*** Source information ***

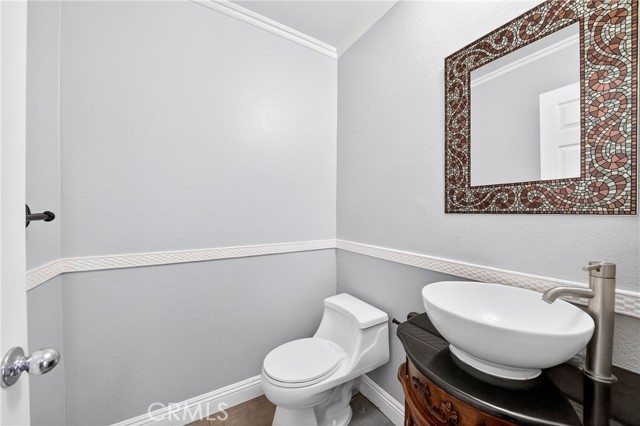 Detail Gallery Image 15 of 45 For 9 Coveside Ct, Buena Park,  CA 90621 - 3 Beds | 2/1 Baths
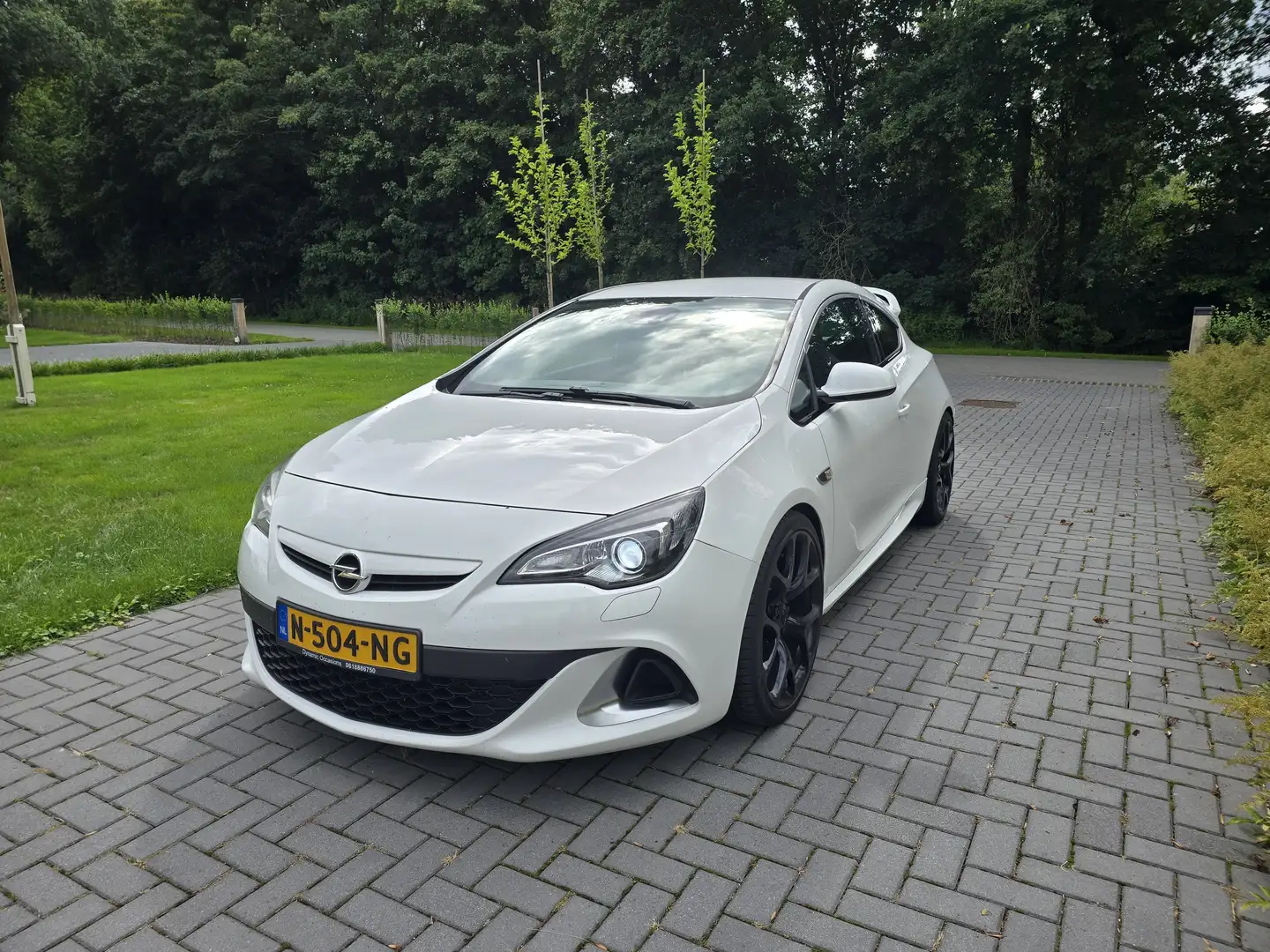 Opel Astra Astra 2.0 Turbo OPC Wit - 1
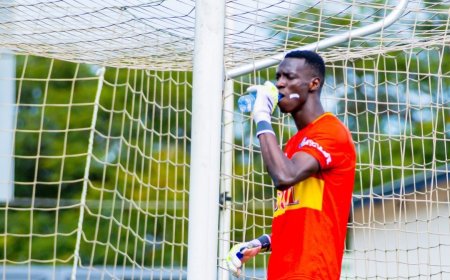 Khadime Ndiaye ari gukora imyitozo mu ikipe nshya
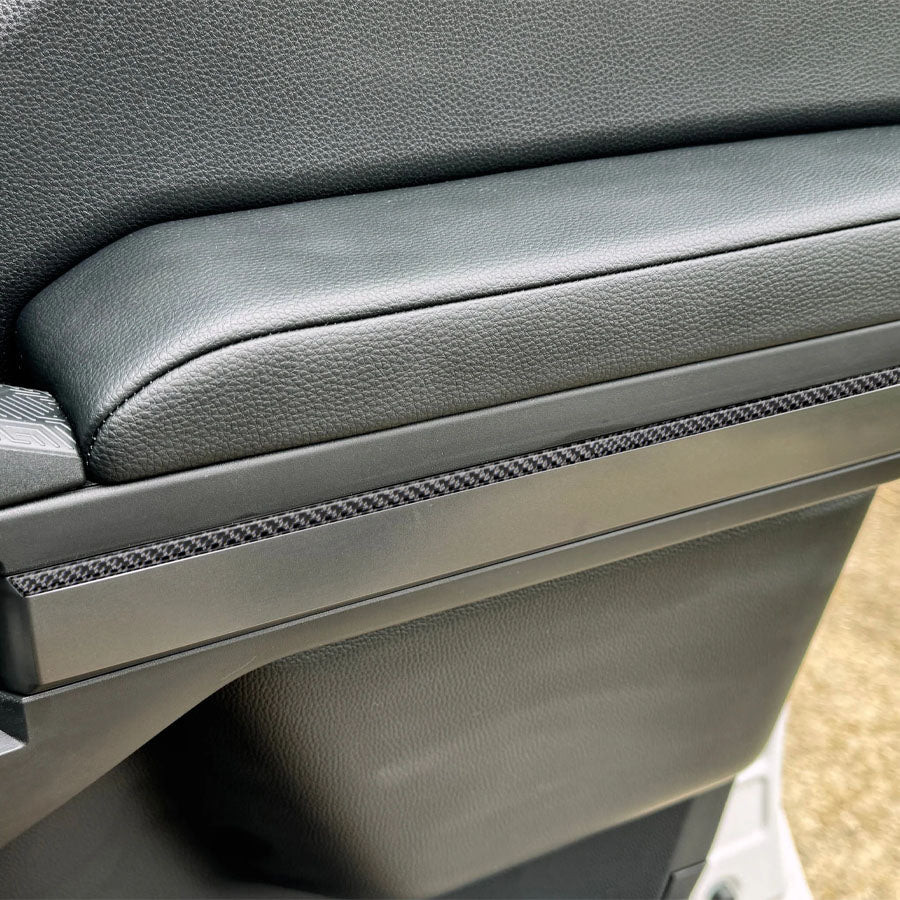 TOYOTA 95Tacoma グレー 車用アームレスト Tufskinz Side Door Armrest Lower Line Accent Trim | 2024-2026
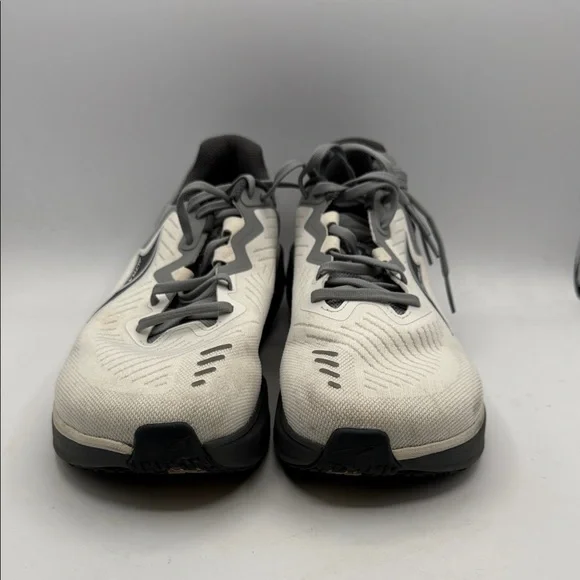 Altra Paradigm 8 men’s 10 Dual-Tone Athletic Sneakers s4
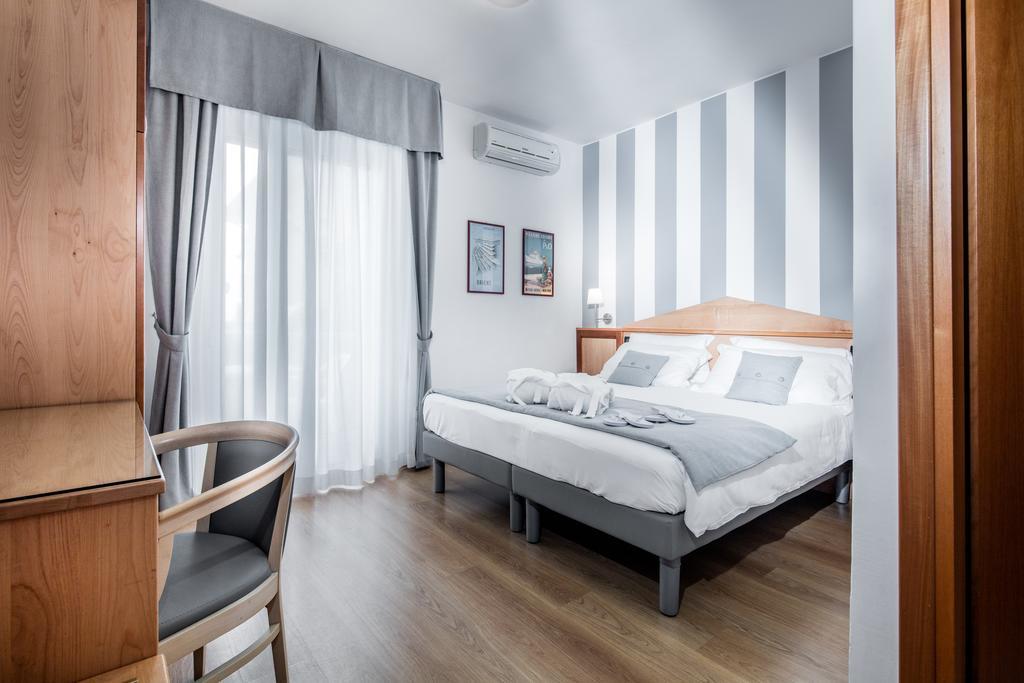 Hotel Bellavista Lignano Sabbiadoro Ngoại thất bức ảnh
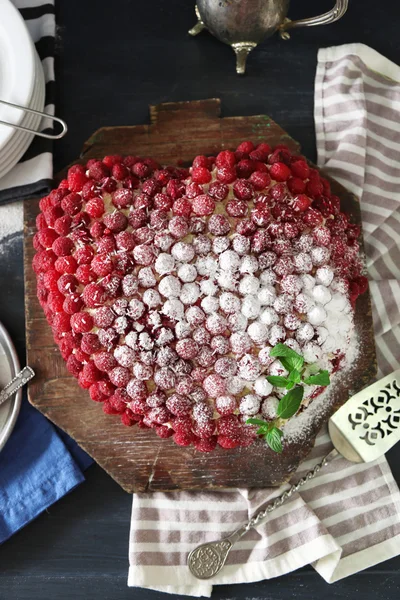 Сладкий торт с малиной на фоне цвета дерева — стоковое фото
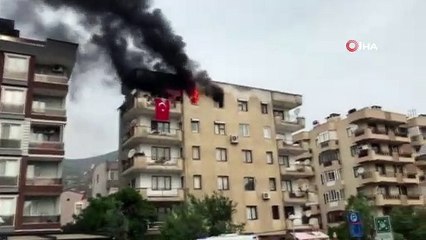Yanan evdeki tüpün patlama anı kamerada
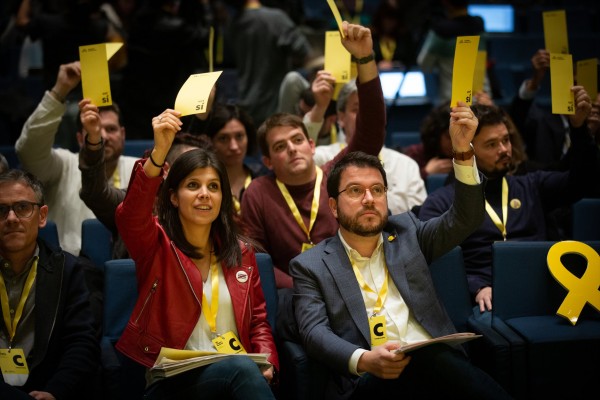 ERC valida el acuerdo con el PSOE y permitirá la investidura de Pedro Sánchez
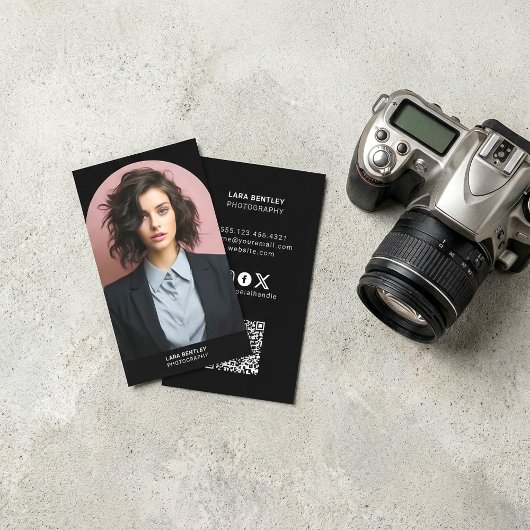 モダンな写真スタイリストのソーシャルメディアQRコード 名刺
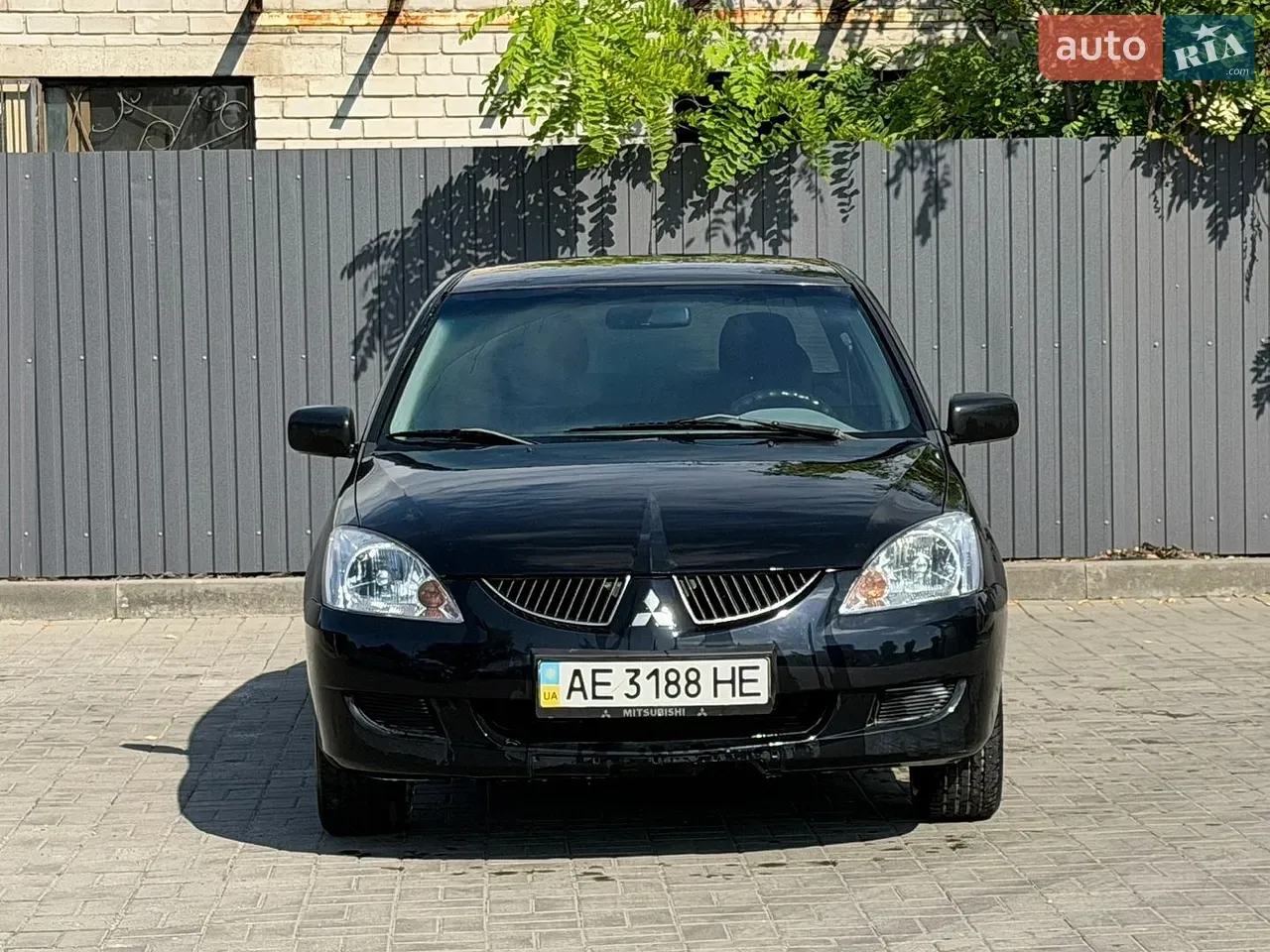 Mitsubishi Lancer 2004 photo 2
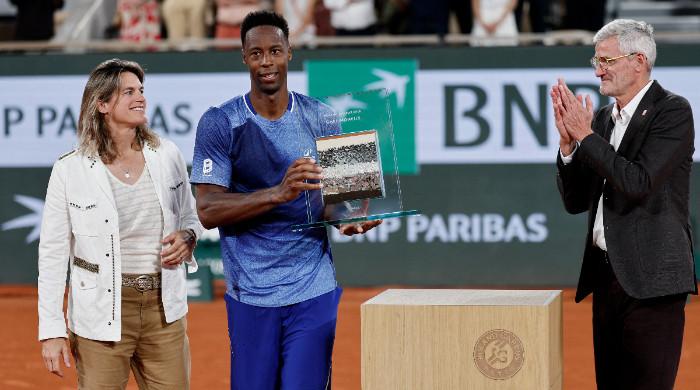 Tennis legends pay tribute as Gael Monfils says emotional goodbye to French Open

*** End of Source information ***

> Directions for this task:
In your answer, repeat all the entries exactly, but leave out the pictures.

> Solved problem:
 Detail Gallery Image 15 of 45 For 9 Coveside Ct, Buena Park,  CA 90621 - 3 Beds | 2/1 Baths
 Opel Astra Astra 2.0 Turbo OPC Wit - 1
 Khadime Ndiaye ari gukora imyitozo mu ikipe nshya
 TOYOTA 95Tacoma グレー 車用アームレスト Tufskinz Side Door Armrest Lower Line Accent Trim | 2024-2026
 Altra Paradigm 8 men’s 10 Dual-Tone Athletic Sneakers s4
 Hotel Bellavista Lignano Sabbiadoro Ngoại thất bức ảnh
 Сладкий торт с малиной на фоне цвета дерева — стоковое фото
Yanan evdeki tüpün patlama anı kamerada
 ERC valida el acuerdo con el PSOE y permitirá la investidura de Pedro Sánchez
 モダンな写真スタイリストのソーシャルメディアQRコード 名刺
 Mitsubishi Lancer 2004 photo 2
 Tennis legends pay tribute as Gael Monfils says emotional goodbye to French Open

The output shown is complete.